Ainsi, « une conférence sur l’islam s’était tenue à Grozny en Tchétchénie du 25 au 27 août 2016, en présence de plusieurs centaines de “savants” islamiques venant d’Egypte, de Russie, de Syrie, du Soudan, de Jordanie et de l’Europe, mais aussi de Vladimir Poutine et du président-maréchal al-Sissi d’Egypte. Peu répercuté par les médias, l’événement était en réalité d’une grande importance puisqu’il démontait l’implication de la Russie dans la volonté de créer un islam “compatible” avec le relativisme moderne, ce qui passe nécessairement par la réinterprétation du Coran. Et plus largement, la restructuration de l’islam », écrivions-nous alors.

 

Poutine embrasse le Coran – et cela n’a rien d’étonnant

Ce relativisme religieux servi par le « dialogue interreligieux » implique fortement la Russie à travers les congrès des responsables des religions mondiales et traditionnelles au Kazakhstan, dont l’initiative avait été prise en 2003 par Noursoultan (ou Nursultan) Nazarbeïev, membre du parti communiste depuis ses 22 ans en 1962 alors que son pays faisait partie de l’URSS. Il en fut premier ministre en 1984, puis y devint chef du PC en 1989 et président du Soviet suprême en 1990 avant d’être recyclé comme premier président du Kazakhstan après la « chute du communisme » dont on perçoit les limites dans cette continuité de pouvoir. Nazarbeïev y resta accroché jusqu’à sa démission en 2019, ayant entre-temps présidé à la construction de la capitale aux monuments les plus évidemment inspirés de la maçonnerie du monde entier, Astana, et favorisé l’écoute et le dialogue entre toutes les religions sur un plan d’égalité. Bien entendu, ces congrès d’Astana sont toujours fréquentés par des représentants de l’orthodoxie russe et de l’islam de Russie – y compris lors du 7e congrès en 2022, que le pape François, cosignataire de la Déclaration sur la Fraternité humaine, honora lui aussi de sa présence…

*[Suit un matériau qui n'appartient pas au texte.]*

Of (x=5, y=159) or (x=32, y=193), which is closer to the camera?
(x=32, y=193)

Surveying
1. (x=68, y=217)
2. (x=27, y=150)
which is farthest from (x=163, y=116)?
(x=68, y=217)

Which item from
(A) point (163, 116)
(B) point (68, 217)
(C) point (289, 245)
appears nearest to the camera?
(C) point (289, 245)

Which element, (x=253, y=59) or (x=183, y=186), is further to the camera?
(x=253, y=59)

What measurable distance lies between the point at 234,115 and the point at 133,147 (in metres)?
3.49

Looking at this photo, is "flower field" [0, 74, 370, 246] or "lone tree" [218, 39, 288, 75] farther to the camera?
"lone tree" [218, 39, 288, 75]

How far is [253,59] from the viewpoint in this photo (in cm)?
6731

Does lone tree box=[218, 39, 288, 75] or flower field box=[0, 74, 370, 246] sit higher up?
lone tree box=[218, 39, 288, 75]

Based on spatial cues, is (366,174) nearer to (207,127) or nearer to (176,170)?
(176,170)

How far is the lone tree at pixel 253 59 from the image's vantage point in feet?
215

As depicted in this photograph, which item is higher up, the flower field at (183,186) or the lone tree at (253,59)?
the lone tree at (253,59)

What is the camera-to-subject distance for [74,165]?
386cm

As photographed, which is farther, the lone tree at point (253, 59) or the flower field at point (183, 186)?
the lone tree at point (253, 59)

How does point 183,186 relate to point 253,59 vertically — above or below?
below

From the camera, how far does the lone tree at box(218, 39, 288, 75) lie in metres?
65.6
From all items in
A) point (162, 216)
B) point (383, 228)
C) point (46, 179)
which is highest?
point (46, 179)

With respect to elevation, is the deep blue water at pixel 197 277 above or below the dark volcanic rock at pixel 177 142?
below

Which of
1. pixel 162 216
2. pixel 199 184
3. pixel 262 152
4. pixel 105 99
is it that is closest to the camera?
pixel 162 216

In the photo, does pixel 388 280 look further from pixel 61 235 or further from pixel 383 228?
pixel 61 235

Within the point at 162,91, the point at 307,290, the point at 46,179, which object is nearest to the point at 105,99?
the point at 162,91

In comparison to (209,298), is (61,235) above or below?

En mai dernier, avec le souci de s’assurer la loyauté de l’importante minorité musulmane de la Fédération de Russie (soit 15 % de la population, majoritairement sunnites), la Russie de Poutine organisait la XVe édition du Forum de Kazan pour la coopération avec le monde islamique, lancé en 2009. Non content de promouvoir la bonne entende avec les musulmans, cette édition aura été marquée par la recherche de liens renforcés avec l’Organisation de la Coopération islamique qui œuvre à la consolidation de la « solidarité islamique ». Tout cela s’inscrit dans la vision eurasiste pluriethnique et pluri-religieuse qui s’accommode tout aussi bien du chiisme puisque les liens entre la Russie et l’Iran sont forts et incontestables.

 

Quand Poutine dénonçait l’« islamophobie » de l’Occident

Sans doute la Russie réprime-t-elle islamisme politique et djihadisme, voulant voir en l’islam (à l’instar de l’approche des gouvernements occidentaux !) une simple religion et non son caractère éminemment politique.

Quand Poutine embrasse le Coran, son acte n’a en réalité rien de surprenant : il se comprend à travers la double réalité du besoin d’alliés en temps de guerre et d’une idéologie fondamentalement relativiste sur le plan religieux, comme nous le soulignions notamment ici.

Cela prend parfois des tournures surréalistes : recevant en octobre dernier les représentants de différentes communautés religieuses au Kremlin, Poutine leur assurait ainsi que l’Occident fomente l’islamophobie et utilise les « armes » de la « haine religieuse » pour « diviser et régner » afin d’entraver la mise en place de la multipolarité dans le monde.

Il accusait même : « En Europe, on ferme les yeux sur les blasphèmes et les actes de vandalisme visant des sanctuaires musulmans. » Et ce alors que la majorité des actes de haine antireligieuse en Europe frappent des églises et des chapelles chrétiennes, dans une grande indifférence des pouvoirs publics, et que le moindre tag sur une mosquée en France mobilise au minimum un ministre…

Poutine, rempart du monde chrétien face à l’islam ? Il faudrait être fou pour y croire.